Antelias, Lebanon 1956 – Beirut, Lebanon 2025
I am yet to mourn the passing of the great Lebanese composer, lyricist, playwright, and political activist Ziad Rahbani (1956-2025).
For another, I knew Ziad personally, after we met in Beirut in 1998. We even enjoyed a four-hour productive jam session in his studio, thanks to Subhi Ben Khadra, Salah Salah and the late Hani Wadi’ Haddad (RIP).
We corresponded regularly after that, when emails were ‘a new thing’, and planned to do something together. But it was not meant to be, for no particular reason. It just did not happen.
The breaking point for me was Ziad’s blind support for Bashar Assad and the latter’s brutal oppression of the Syrian people.
Typical of so many on the Arab left, anyone who is against the US and Western hegemony must be ‘on our side’.
I even stopped listening to his exceptional music. Up to that moment, Ziad’s music was part of my upbringing, revolutionary fervour and hopes for a better Middle East, as it was to most Arabs of my age.
Not to mention his pioneering role in the introduction of Jazz to Arabic music.

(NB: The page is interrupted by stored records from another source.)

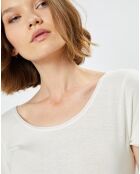 T-Shirt Tesson blanc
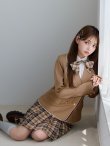 画像9: 【予約 / 9月上旬発送予定】【送料無料！】【ハロウィン】韓国JK制服ガール【コスプレ5点セット】【XS-XLサイズ/1カラー】[YMT] (9)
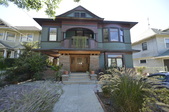Bethany Black's Craftsman House
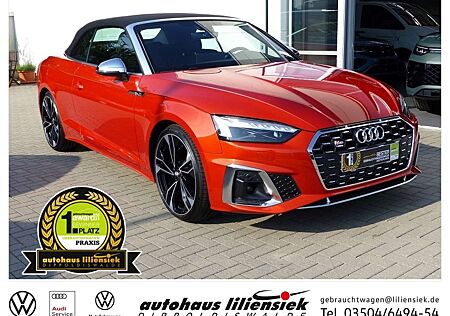 Audi S5 Cabriolet 3.0 TFSI quattro Tiptronic *LED*B&O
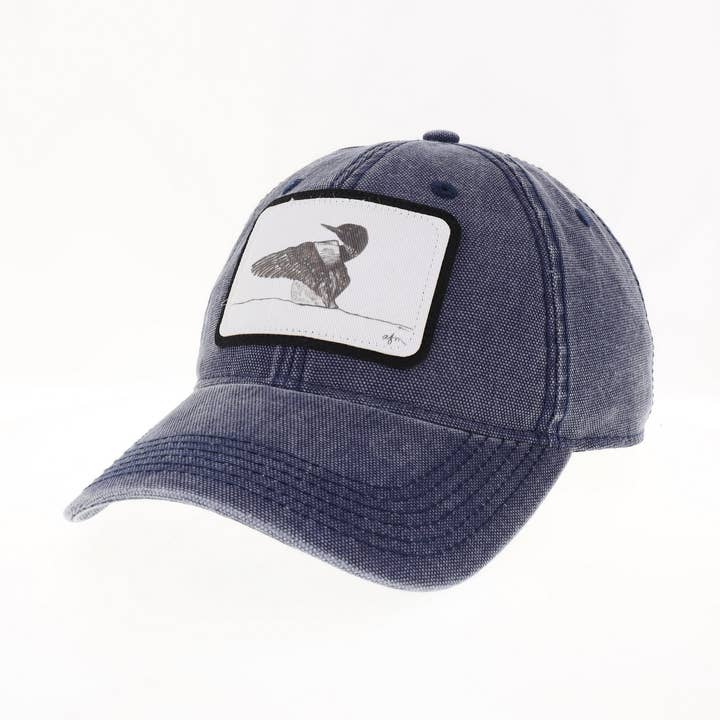 Loon Dashboard Hat in Navy for wholesale by Aisling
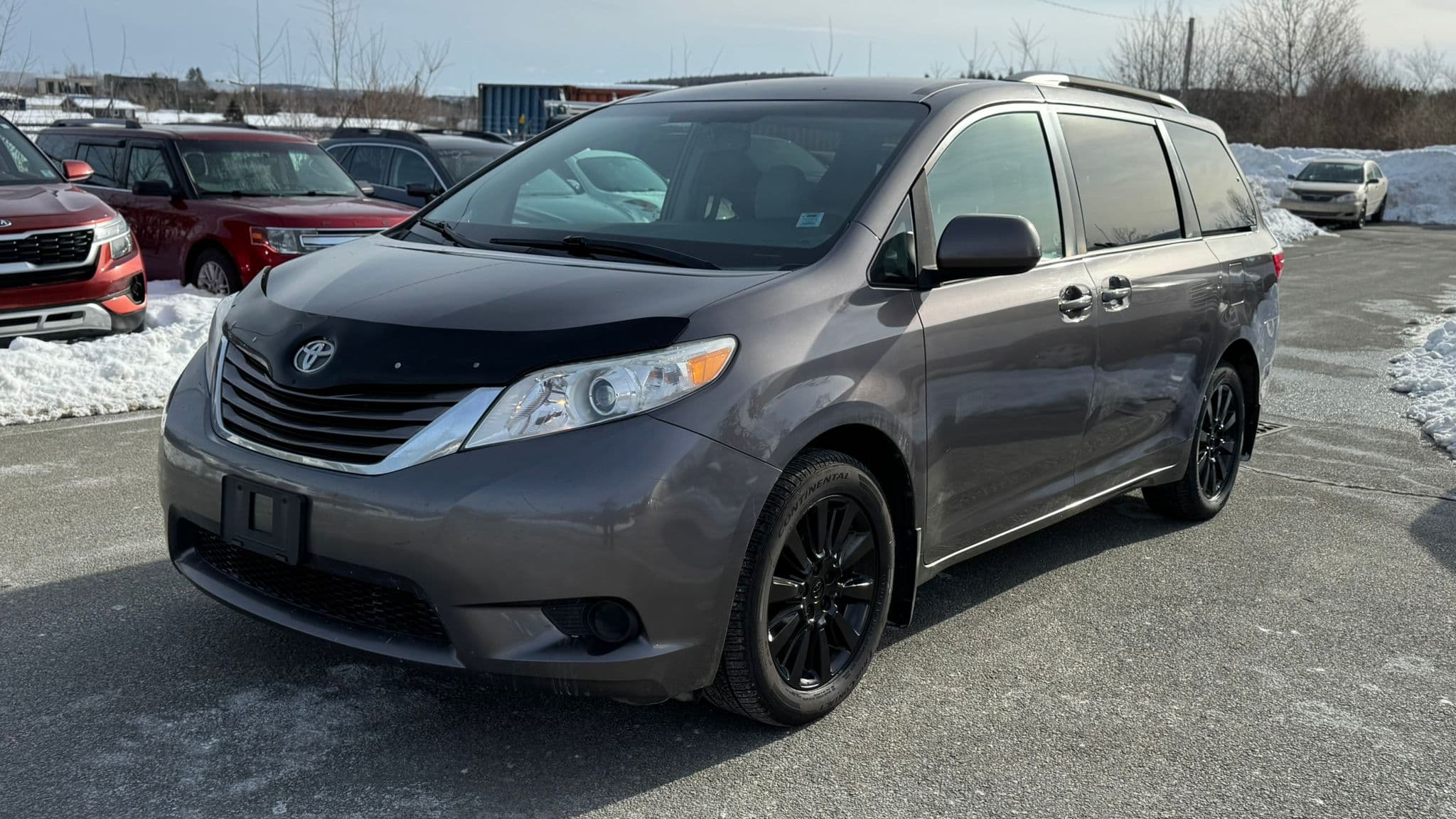 2015 Toyota Sienna LE 7-Pass AWD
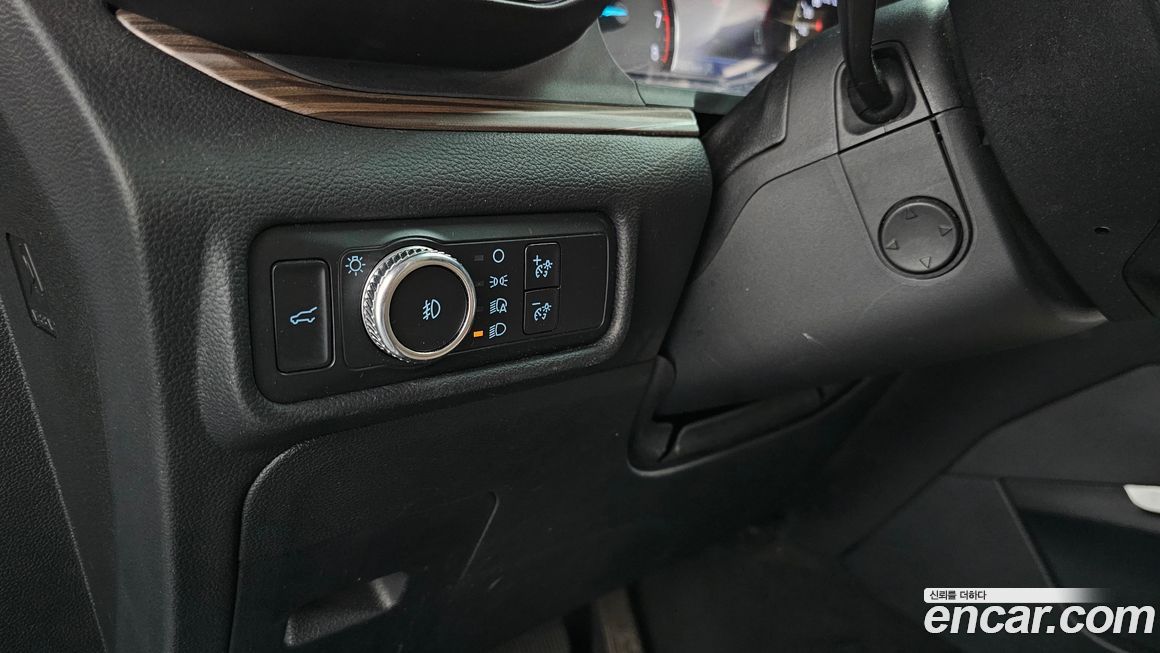 Ford Explorer 2021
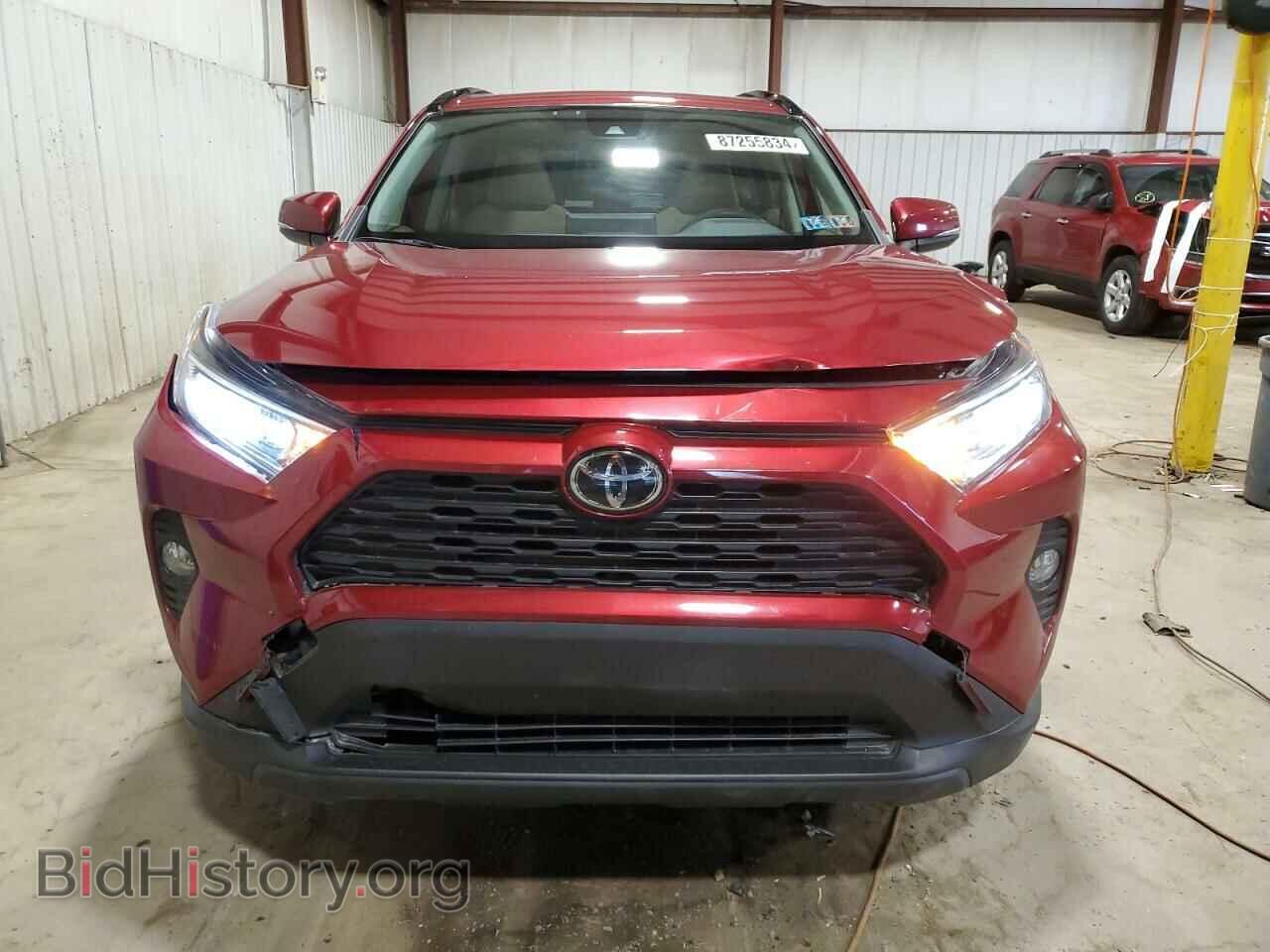 2019 TOYOTA RAV4 - VIN: JTMP1RFV6KD027475 - Фото 5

This, alone, is an achievement in its own right. I wouldn’t have been able to take forward my own work on bringing together Jazz and Arabic music were it not for Ziad’s work on what came to be known as ‘Oriental Jazz’.
Ziad’s passing last weekend at the age of 69, from incurable Cirrhosis (he loved his drink and had a tortured Bohemian lifestyle), caused ripples of shock across the Arab world.
I intend to write a proper obituary on Ziad, but with the on-going genocide in Gaza, I find myself unable to do so right now.
Instead, I will share with you some of his seminal work:
https://www.youtube.com/watch?v=mXNlv_ys1bc
This is the overture of the famous play “Mais al-Reem” (1975), starring Ziad’s mother, none-other than the great Lebanese singer Fairuz.
The baseline in this exceptional piece and the syncopated piano riff were instantly recognisable each time Ziad played it live.
I will share later the original studio recording from the official soundtrack of the play. But this is a live recording, with Ziad playing the keyboard, from 2018 (I know neither the venue nor occasion of this particular performance).
The above aside, all I can offer right now is my loving condolences to his mother, another pivotal influence on my music and singing style. Fairuz had already buried another of her children, her daughter Layal in 1988 (aged 28).